There was an article in the newspaper this morning about a crop of Thai basil growing on an ‘Ewa farm that had to be destroyed because a pesticide not approved for the basil was found on it.
It reminded me of the dilemma I have every time I shop at a farmers market or even Whole Foods – should I go with the organic produce grown in California (or China) or the more recently harvested and not organically grown local greenery.
Ideally I would grow most of what I eat, fresh produce-wise, and I’ve actually made inroads towards that end. How totally cool is it to eat food I grew in my yard – apple bananas, coconuts, mangos (piries!), basil, arugula, swiss chard, various kinds of kale, tomatoes, hawaiian chili peppers and soon, with any luck, papayas! I am fortunate to have a yard in which to grow these things, not to mention a yard in Hawai’i, although other than the trees, I grow everything else in flower pots – chemical free, of course.

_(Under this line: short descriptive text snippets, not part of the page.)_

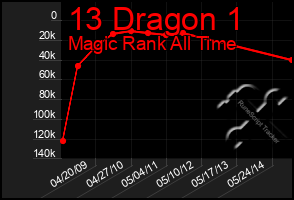 Total Graph of 13 Dragon 1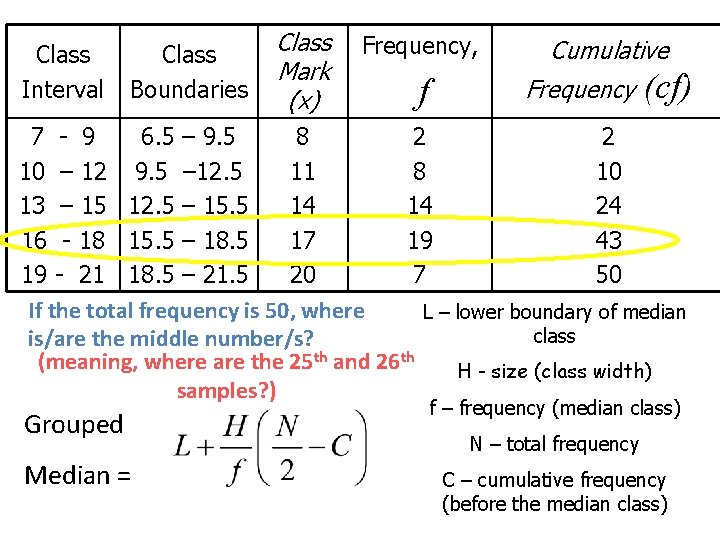 Class Interval Class Boundaries Class Mark (x) Frequency, f Cumulative Frequency (cf) 7 -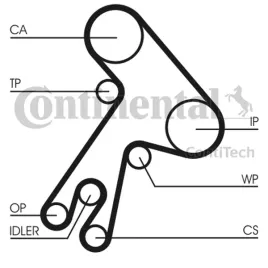 contitech-pasek-rozrzadu-toyota-18-20d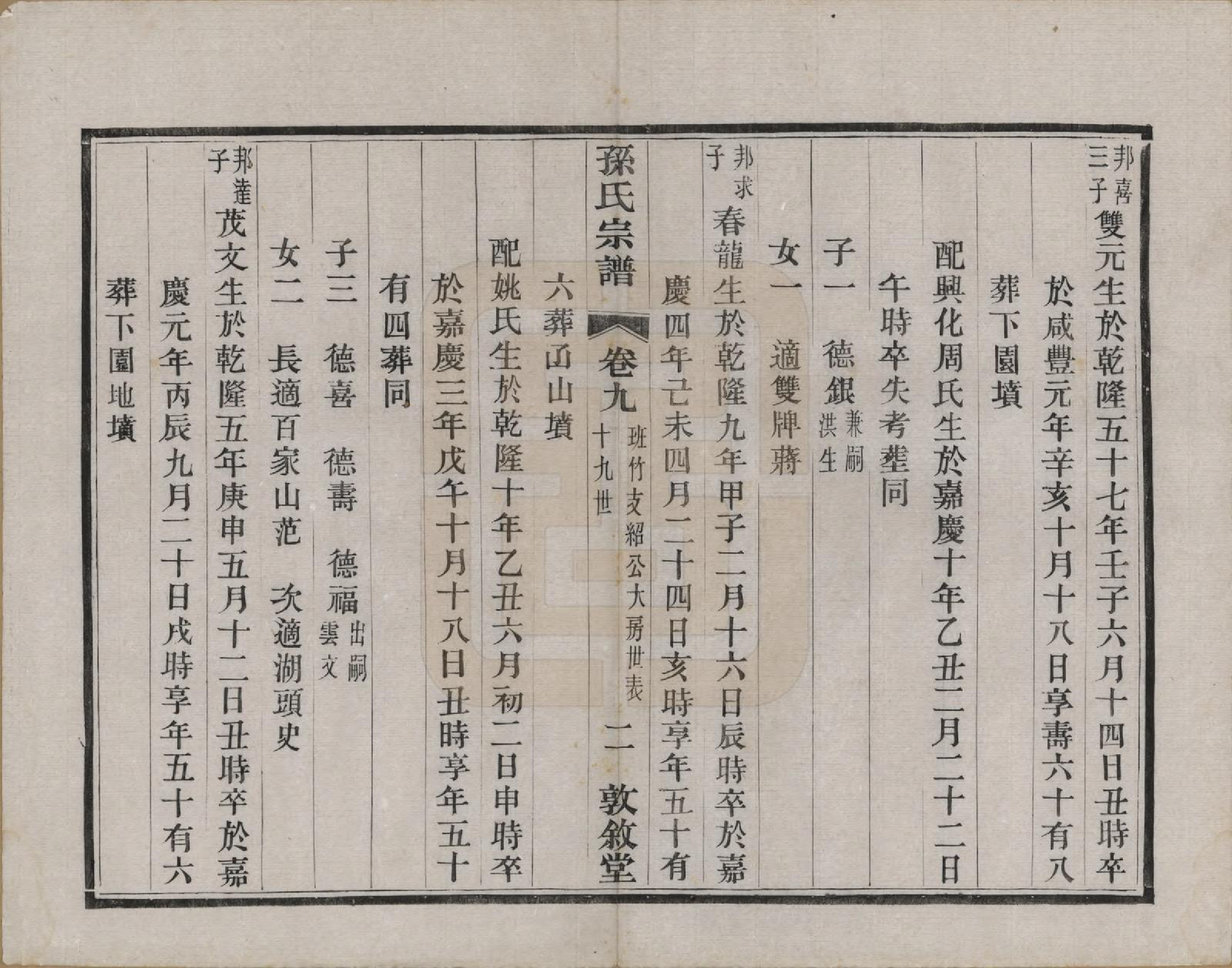 GTJP1350.孙.江苏溧阳.孙氏宗谱二十八卷.民国三年（1914）_009.pdf_第2页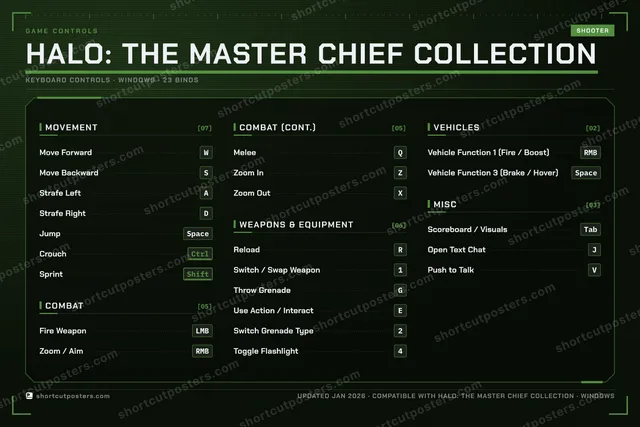 Halo: The Master Chief Collection controls poster preview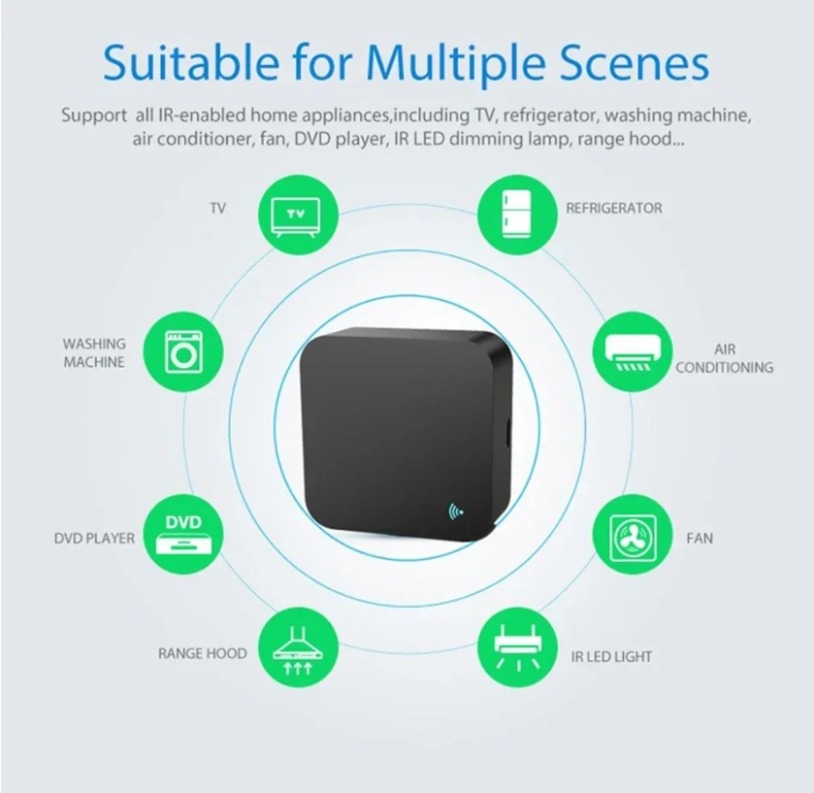 Tuya Zigbee 3.0 Smart IR Remot - đánh giá và giá Ir Infrared Receiver
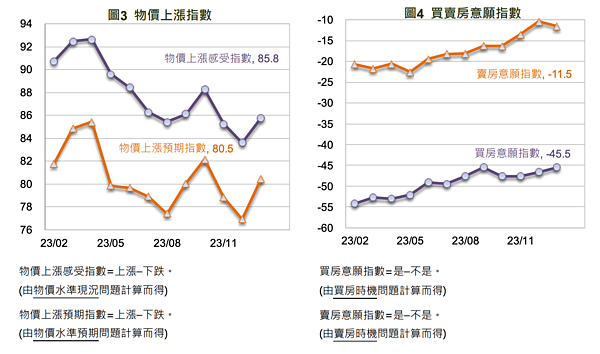 觸頂!屋主不賣房了 驚揭「絕子絕孫」密碼 國泰金控發布2024年1月「國民經濟信心調查」。圖/國泰金控提供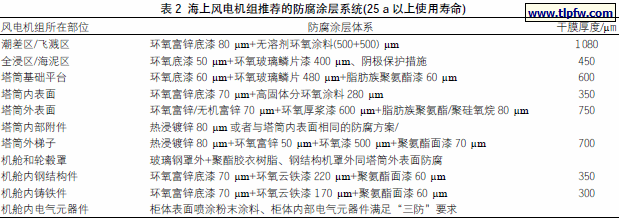 海上风电机组推荐的防腐涂层系统(25 a 以上使用寿命)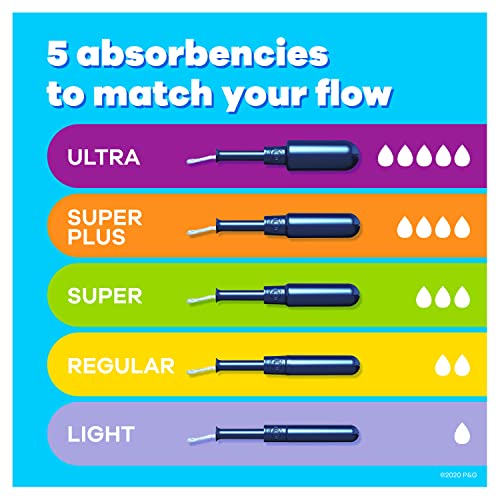 Tampax Pearl Tampons Super Plus Absorbency, with Leakguard Braid, Unscented, 50 Count TampaxAu supplements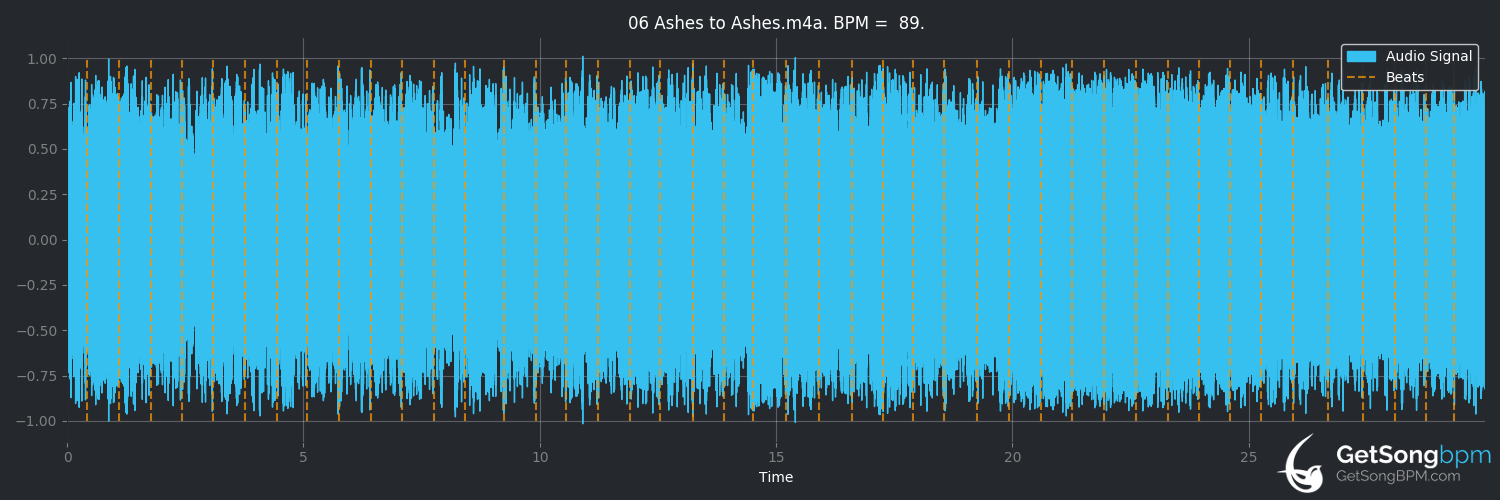 bpm analysis for Ashes to Ashes (Blind Guardian)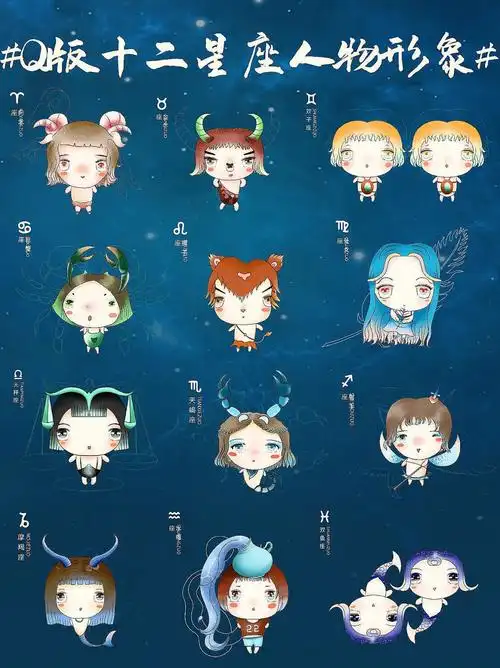十二星座q版形象人物来咯～～十二星座96着十二种人物性格这十二个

A friend told me awhile back that her goal was simply to reduce her carbon imprint on the earth, and since then, she has created an amazing ecosystem in her yard, from chickens to a worm farm to a rain catchment system to an elevated fishpond that somehow generates fertilizer for the garden. How odd that it takes such effort to live the way people lived in the old days, growing their own food, making things from scratch. Even something as minor as making salad dressing is unheard of, yet the resources and materials to make it with are often right in front of us and are less expensive and healthier if we can spare the few minutes to make our own food. For that matter, growing vegetables in flower boxes on a concrete balcony isn’t all that difficult, either.
All this to say that I have always appreciated having a yard and now that I have made a conscious decision to have a real relationship with it, whether it’s raking leaves every morning, watering my flower pots or admiring everything that’s growing, it is my small contribution to sustainability – and to healthy living. And as far as local vs organic, I guess it will continue to be a dilemma.